From: "Américo Wang" <xiyou.wangcong@gmail.com>
To: Renzo Davoli <renzo@cs.unibo.it>
Cc: Ingo Molnar <mingo@elte.hu>,
Am??rico Wang <xiyou.wangcong@gmail.com>,
linux-kernel@vger.kernel.org, Jeff Dike <jdike@addtoit.com>,
user-mode-linux-devel@lists.sourceforge.net
Subject: Re: [PATCH 2/2] ptrace_vm: ptrace for syscall emulation virtual machines
Date: Mon, 16 Mar 2009 16:15:08 +0800 [thread overview]
Message-ID: <20090316081508.GE3360@hack> (raw)
In-Reply-To: <20090311134138.GD12753@cs.unibo.it>
On Wed, Mar 11, 2009 at 02:41:38PM +0100, Renzo Davoli wrote:
>> Please check Documentation/CodingStyle. Every second line above
>> violates it. scripts/checkpatch.pl can help out with the more
>> obvious ones.
>Ingo,
>
>Thank you for your comment.
>You are right, I beg your pardon.
>I have updated the patch, now it should be (more) consistent
>with the Coding Style specifications.
You can use scripts/checkpatch.pl to check it before sending.
>
>This patch adds the new PTRACE_VM_SKIPCALL and PTRACE_VM_SKIPEXIT
>tags for ptrace's addr parameter.
>In this way it is possible to (eventually) get rid of PTRACE_SYSEMU
>PTRACE_SYSEMU_SINGLESTEP, while providing not only the same features
>but a more general support for Virtual Machines.

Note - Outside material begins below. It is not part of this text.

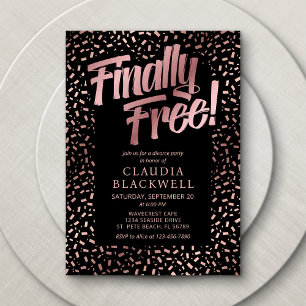 Invitation Divorce Rose Gold Confetti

>Part#2: user-mode Linux support.
>User-mode Linux by this patch uses PTRACE_VM of the hosting operating system
>and provides PTRACE_VM to its processes.

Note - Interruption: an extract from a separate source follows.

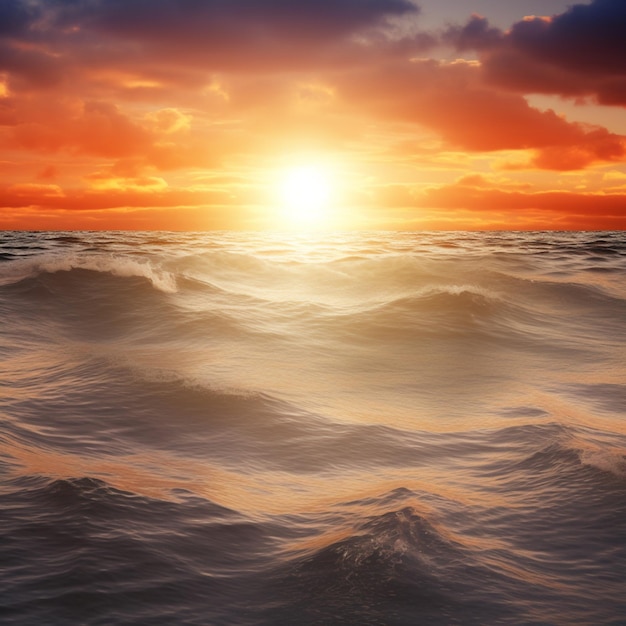 Sunset over ocean waves backgrounds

>UML tests at startup which features are provided and uses PTRACE_VM or
>PTRACE_SYSEMU (or nothing). PTRACE_VM and/or PTRACE_SYSEMU support can be
>disabled by command line flags.
>
So what? PTRACE_VM is only supported in UML with this patch,
UML still has to use PTRACE_SYSEMU on x86_32.

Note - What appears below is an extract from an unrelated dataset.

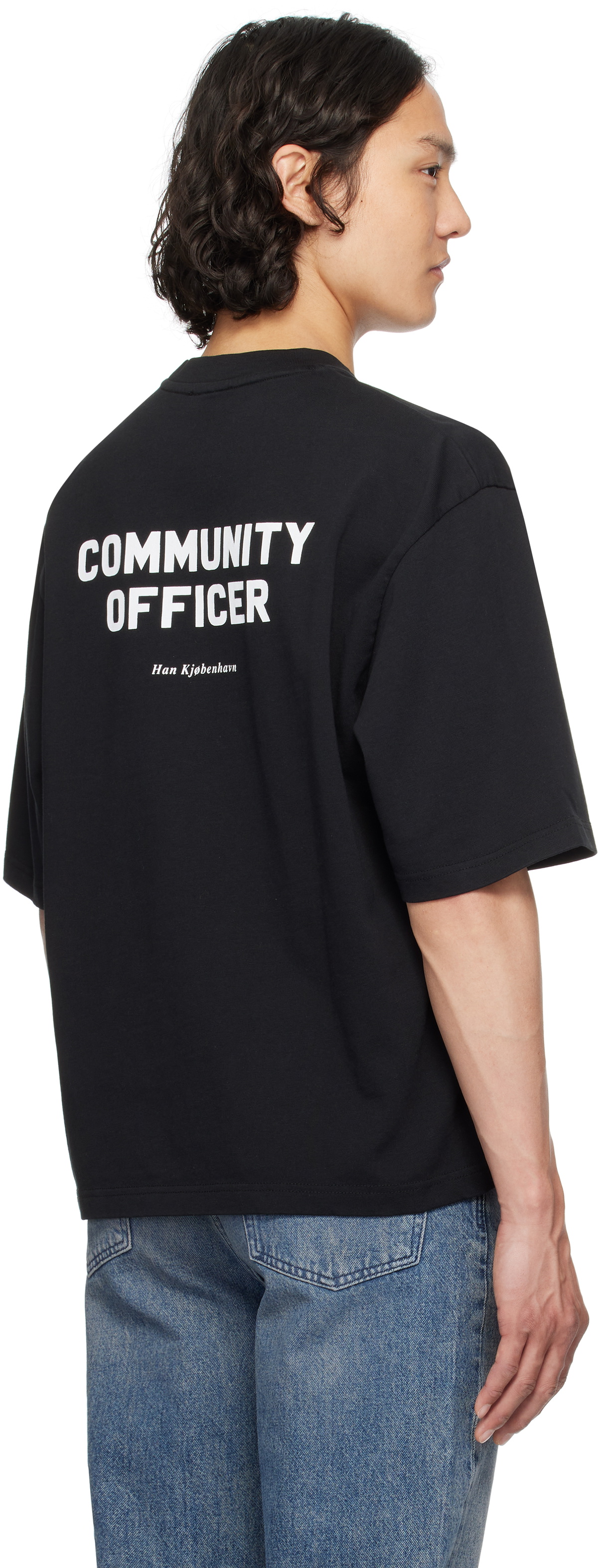 Han Kjobenhavn Black 'Officer' Printed Oversized T-shirt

Am I missing something? :)
>
>Signed-off-by: Renzo Davoli <renzo@cs.unibo.it>
Minor comments below.
>----
>diff -Naur linux-2.6.29-rc7-git4/arch/um/include/shared/kern_util.h linux-2.6.29-rc7-git4.vm2/arch/um/include/shared/kern_util.h
>--- linux-2.6.29-rc7-git4/arch/um/include/shared/kern_util.h 2009-03-11 09:25:27.000000000 +0100
>+++ linux-2.6.29-rc7-git4.vm2/arch/um/include/shared/kern_util.h 2009-03-11 09:35:23.000000000 +0100
>@@ -57,7 +57,7 @@
> extern unsigned long to_irq_stack(unsigned long *mask_out);
> extern unsigned long from_irq_stack(int nested);
>
>-extern void syscall_trace(struct uml_pt_regs *regs, int entryexit);
>+extern int syscall_trace(struct uml_pt_regs *regs, int entryexit);
> extern int singlestepping(void *t);
>
> extern void segv_handler(int sig, struct uml_pt_regs *regs);
>diff -Naur linux-2.6.29-rc7-git4/arch/um/include/shared/ptrace_user.h linux-2.6.29-rc7-git4.vm2/arch/um/include/shared/ptrace_user.h
>--- linux-2.6.29-rc7-git4/arch/um/include/shared/ptrace_user.h 2009-03-11 09:25:27.000000000 +0100
>+++ linux-2.6.29-rc7-git4.vm2/arch/um/include/shared/ptrace_user.h 2009-03-11 09:35:23.000000000 +0100
>@@ -40,9 +40,20 @@
> #define PTRACE_OLDSETOPTIONS PTRACE_SETOPTIONS
> #endif
>
>+/* these constant should eventually enter in sys/ptrace.h */
>+#ifndef PTRACE_SYSCALL_SKIPCALL
>+#define PTRACE_SYSCALL_SKIPCALL 0x6
>+#endif
>+#ifndef PTRACE_SYSCALL_SKIPEXIT
>+#define PTRACE_SYSCALL_SKIPEXIT 0x2
>+#endif
>+
> void set_using_sysemu(int value);
> int get_using_sysemu(void);
> extern int sysemu_supported;
>+void set_using_sysptvm(int value);
>+int get_using_sysptvm(void);
>+extern int sysptvm_supported;
>
> #define SELECT_PTRACE_OPERATION(sysemu_mode, singlestep_mode) \
> (((int[3][3] ) { \
>diff -Naur linux-2.6.29-rc7-git4/arch/um/kernel/process.c linux-2.6.29-rc7-git4.vm2/arch/um/kernel/process.c
>--- linux-2.6.29-rc7-git4/arch/um/kernel/process.c 2009-03-11 09:25:27.000000000 +0100
>+++ linux-2.6.29-rc7-git4.vm2/arch/um/kernel/process.c 2009-03-11 10:03:05.000000000 +0100
>@@ -322,7 +322,9 @@
> }
>
> static atomic_t using_sysemu = ATOMIC_INIT(0);
>+static atomic_t using_sysptvm = ATOMIC_INIT(0);
> int sysemu_supported;
>+int sysptvm_supported;
>
> void set_using_sysemu(int value)
> {
>@@ -336,7 +338,18 @@
> return atomic_read(&using_sysemu);
> }
>
>-static int proc_read_sysemu(char *buf, char **start, off_t offset, int size,int *eof, void *data)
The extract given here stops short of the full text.